Indirect costs are less easy to define and quantify. More time is spent working with bad data, which slows growth. Indirect costs include (opportunity) costs for making decisions based on flawed data—more on this in the next paragraph.
6. Non-data-driven decisions
Bad data equals bad decisions. Think of uninformed pricing policies and poor planning, focusing on the wrong customer segments. Duplicates and incorrect address data can throw a wrench in allocating the optimum sales capacity to each region. Forecasts will be off, and reports will be hard to generate and unsuitable for data-based decision-making.
7. Compliance & risk management issues
Many laws regarding privacy and data portability have been enacted in recent years. Most famous are the European General Data Protection Regulation (GDPR), the UK Data Protection Act (DPA), and the Personal Information Protection and Electronic Documents Act (PIPEDA) in Canada.
Common in all those regulations is the right to personal data access, deletion, portability, and consent.
Having duplicates in your database makes compliance with these laws near-impossible. If a lead opts out of email communication and you change the setting for one record but leave the duplicate record on opt-in status, your lead will still get a commercial email. The same goes for access, deletion, and personal data exports.

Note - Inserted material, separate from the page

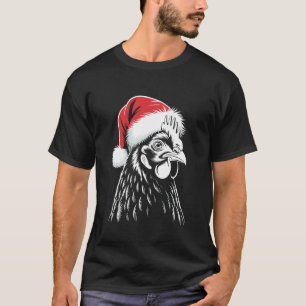 Lustiger Hühner-Weihnachts-Santa-Hut-Landwirt für  T-Shirt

Meeting customer expectations is challenging enough as it is. Having your data work against you certainly makes it worse. Legal problems cause you to make unnecessary expenses and tarnish your company's image.
External Impact
8. Bad user experience
According to Deloitte, consumers are continuously raising the bar and are more likely to share bad experiences online. This tendency is true for both consumers and business buyers.
No psychologists here, but we know for sure that customers are more likely to share bad reviews because they are more passionate about their negative experiences and want to prevent others from having the same experience. Frustration? Most likely. Bad reviews can also be a way of venting.

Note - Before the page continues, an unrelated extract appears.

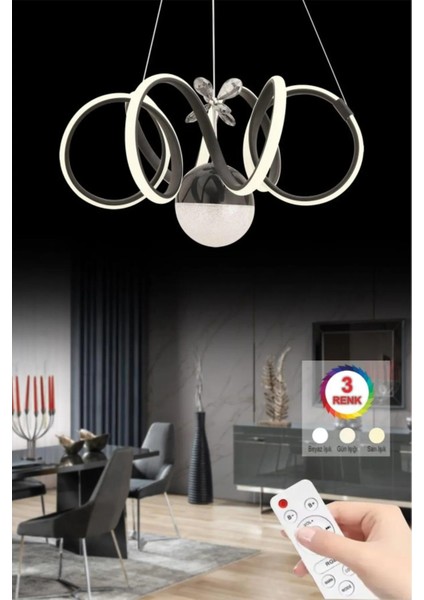 Istanbul Avize Aura Siyah Kumandalı Ledli Modern 3 Renk LED Avize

In all cases, negative reviews can help you improve if you know how to address them properly, but even in this case, you need to rely on your data. Good data enables you to reduce dissatisfaction. Negative reviews are easier to detect and address.
9. Lack of trust from customers
Let's be honest. Who gives second chances? Poor data quality can severely damage customer trust, which is essential for long-term relationships. Inaccurate and segmented data leads to a loss of confidence in your company's ability to serve customers effectively, be reliable, and secure their data. Customers are unlikely to trust you again. They also make sure that everyone around them is aware of it. Moreover, some people don't trust your company and haven't even hired your services or tried your products.

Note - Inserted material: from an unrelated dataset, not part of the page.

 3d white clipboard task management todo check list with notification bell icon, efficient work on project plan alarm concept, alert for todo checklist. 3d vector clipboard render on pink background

Not just about addressing bad reviews but losing business opportunities due lack of trust. This takes us to the next point.
10. Lost business opportunities
In short, poor-quality data closes doors. It's better to be safe than sorry. Make sure you do an excellent job of handling your customer's data from the beginning and save yourself from losing them. Customers may leave you at a different stage of the way. Some of them are more optimistic and patient than others. Still, poor management of unreliable data won't make them stay.
Conclusion
You might think improving your data quality is costly, tedious, and time-consuming. It is not. With the right solutions, automatically cleanse your existing data in Salesforce under your own rules. Better yet, prevent inadequate data from entering, regardless of the source, and make your sales, marketing, and support teams happy and more productive.